Quella russa è una rotta: i reparti non ci sono più; gli ufficiali in Comando sono scappati per primi, l’equipaggiamento pesante è stato abbandonato, i depositi lasciati indietro intatti, i soldati scappano sui camion o addirittura a piedi. Non si vede una linea di arresto simile al Piave, e la fuga sembra finire solo al confine internazionale… Nella speranza che gli ucraini non decidano di attraversarla sull’onda dell’entusiasmo.

Un concetto fondamentale da comprendere dell’arte militare è quello della contrapposizione delle forze. Chi si difende cerca di opporre i propri punti forti ai punti forti nemici, e quelli deboli a quelli deboli: in questo modo si cerca di stabilizzare il fronte e di resistere lungo tale linea.
Chi invece ha l’iniziativa e attacca, cerca di fare il contrario: individua i punti deboli del nemico e concentra lì le sue forze per rompere il fronte e spingersi in avanti.
Con il “fissaggio” a Kherson gli ucraini hanno assunto l’iniziativa e premuto in un punto che hanno indotto i russi a rendere esageratamente forte a scapito di tutti gli altri… Così l’attacco vero è stato sferrato dalla parte opposta del fronte, nel punto più debole.
Sun Tzu sorride.

Strategicamente la situazione è tragica per i russi. Con la disintegrazione dell’OSK Ovest – che era responsabile della porzione settentrionale del fronte – l’esercito ucraino si trova posizionato fra l’esercito russo rimanente e il resto della Russia. Per assurdo, le unità corazzate più vicine al Cremlino sono quelle ucraine.
L’OSK Sud – il raggruppamento di forze russe che reggono la porzione meridionale del fronte, da Kherson a Donetsk – è ancora operativo, anche se si trova completamente spiazzato. Le sue unità migliori sono ingaggiate nella trappola di Kherson e avranno grossi problemi a ripiegare sulla sponda est del Dnipro; il resto delle forze schierate fra Zaporzhizhia e Donetsk è ancora estremamente sottile ed è tormentato da una Resistenza particolarmente attiva nella regione di Melitopol. In queste condizioni, l’OSK Sud può scegliere se tenere duro dove si trova e rischiare la stessa fine dell’OSK Ovest (con l’handicap aggiuntivo delle linee di rifornimento tre volte più lunghe e che passano tutte per il ponte di Kerch), oppure ripiegare in Crimea per difendere la penisola e inviare forze nel Donbass per cercare di difendere almeno la linea del 24 febbraio.
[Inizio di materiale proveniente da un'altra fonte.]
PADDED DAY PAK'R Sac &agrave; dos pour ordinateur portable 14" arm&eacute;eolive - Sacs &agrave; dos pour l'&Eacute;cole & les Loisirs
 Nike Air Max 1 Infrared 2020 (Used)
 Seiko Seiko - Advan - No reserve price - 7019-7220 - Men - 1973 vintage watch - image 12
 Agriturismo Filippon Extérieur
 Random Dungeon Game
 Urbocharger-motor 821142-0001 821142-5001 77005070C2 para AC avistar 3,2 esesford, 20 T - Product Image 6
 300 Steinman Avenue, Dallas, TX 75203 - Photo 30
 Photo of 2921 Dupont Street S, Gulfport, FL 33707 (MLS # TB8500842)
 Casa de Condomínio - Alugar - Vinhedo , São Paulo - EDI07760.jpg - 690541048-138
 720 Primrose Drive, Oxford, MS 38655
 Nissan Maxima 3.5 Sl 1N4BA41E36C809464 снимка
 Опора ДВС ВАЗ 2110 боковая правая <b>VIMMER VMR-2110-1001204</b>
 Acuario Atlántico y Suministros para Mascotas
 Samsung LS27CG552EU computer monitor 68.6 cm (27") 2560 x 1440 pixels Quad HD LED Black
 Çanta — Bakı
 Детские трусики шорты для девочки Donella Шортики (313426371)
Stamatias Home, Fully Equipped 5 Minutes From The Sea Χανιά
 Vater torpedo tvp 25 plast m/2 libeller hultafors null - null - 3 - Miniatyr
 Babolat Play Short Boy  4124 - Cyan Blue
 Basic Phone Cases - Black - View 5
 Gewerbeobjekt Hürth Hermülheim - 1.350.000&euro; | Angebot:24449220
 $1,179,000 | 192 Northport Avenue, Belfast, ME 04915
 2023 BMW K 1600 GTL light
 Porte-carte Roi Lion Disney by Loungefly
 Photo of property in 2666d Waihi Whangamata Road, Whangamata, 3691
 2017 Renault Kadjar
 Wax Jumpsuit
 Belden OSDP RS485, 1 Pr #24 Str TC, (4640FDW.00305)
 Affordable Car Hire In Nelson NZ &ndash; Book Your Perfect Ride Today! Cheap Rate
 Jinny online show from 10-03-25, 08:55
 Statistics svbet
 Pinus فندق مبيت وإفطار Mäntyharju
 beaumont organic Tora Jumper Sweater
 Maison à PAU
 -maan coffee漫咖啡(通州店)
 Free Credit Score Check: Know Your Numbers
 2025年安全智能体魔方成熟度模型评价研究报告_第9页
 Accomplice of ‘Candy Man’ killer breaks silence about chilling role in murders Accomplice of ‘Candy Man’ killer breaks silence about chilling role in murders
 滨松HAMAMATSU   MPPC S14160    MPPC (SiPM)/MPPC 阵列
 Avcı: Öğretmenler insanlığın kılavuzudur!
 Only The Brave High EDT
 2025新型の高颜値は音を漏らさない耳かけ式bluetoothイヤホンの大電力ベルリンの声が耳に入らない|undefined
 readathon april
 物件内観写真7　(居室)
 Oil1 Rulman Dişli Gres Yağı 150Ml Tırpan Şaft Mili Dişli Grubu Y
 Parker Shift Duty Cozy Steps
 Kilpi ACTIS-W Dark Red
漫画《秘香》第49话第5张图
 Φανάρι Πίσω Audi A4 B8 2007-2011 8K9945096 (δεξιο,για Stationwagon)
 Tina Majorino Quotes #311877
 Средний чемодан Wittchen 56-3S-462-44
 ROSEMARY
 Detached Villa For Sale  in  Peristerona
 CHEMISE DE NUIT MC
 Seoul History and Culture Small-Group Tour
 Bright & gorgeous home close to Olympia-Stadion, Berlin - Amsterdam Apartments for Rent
Nel marasma di questa situazione, emergono due aspetti fondamentali che hanno compromesso le operazioni russe: le intromissioni di Putin nella catena di Comando, che rendevano ondivaga la manovra militare sottoponendola alle esigenze politiche, e la completa inettitudine dell’Aviazione, chiaramente incapace di sostenere l’azione terrestre e poco disposta a rischiare perdite per agevolare la manovra combinata.
La rigidità del sistema russo di Comando e Controllo, che avoca tutte le decisioni al livello più alto possibile, si è dimostrata disastrosamente perdente di fronte alla dottrina occidentale sposata dagli ucraini, che delega decisioni anche operative ai Comandanti sul campo: in questo stesso momento giovani comandanti di compagnia ormai veterani guidano di iniziativa le loro unità in avanti mantenendo i giusti collegamenti con il Comando superiore (che così non perde il Controllo) e massimizzando le possibilità operative in base alla situazione del momento. Il capitano ucraino che trova intatto un ponte non si ferma aspettando l’ordine di attraversarlo, ma lo supera di slancio avvertendo i suoi superiori che è già oltre l’obiettivo assegnato, e riceve gli ordini successivi mentre è in movimento; il suo avversario russo rimane fermo aspettando che qualcuno gli dica cosa fare… Qualcuno che magari in quel momento è troppo occupato a scappare dalla sacca di Izyum.

Non è possibile dire oggi, a duecento giorni dall’aggressione, che la guerra sta finendo: non ancora. Ma è possibile dire che l’aggressione dell’orso Vladimiro è fallita.
La sua pelle gli ucraini se la rivenderanno più avanti… Fra un anno; o fra un mese.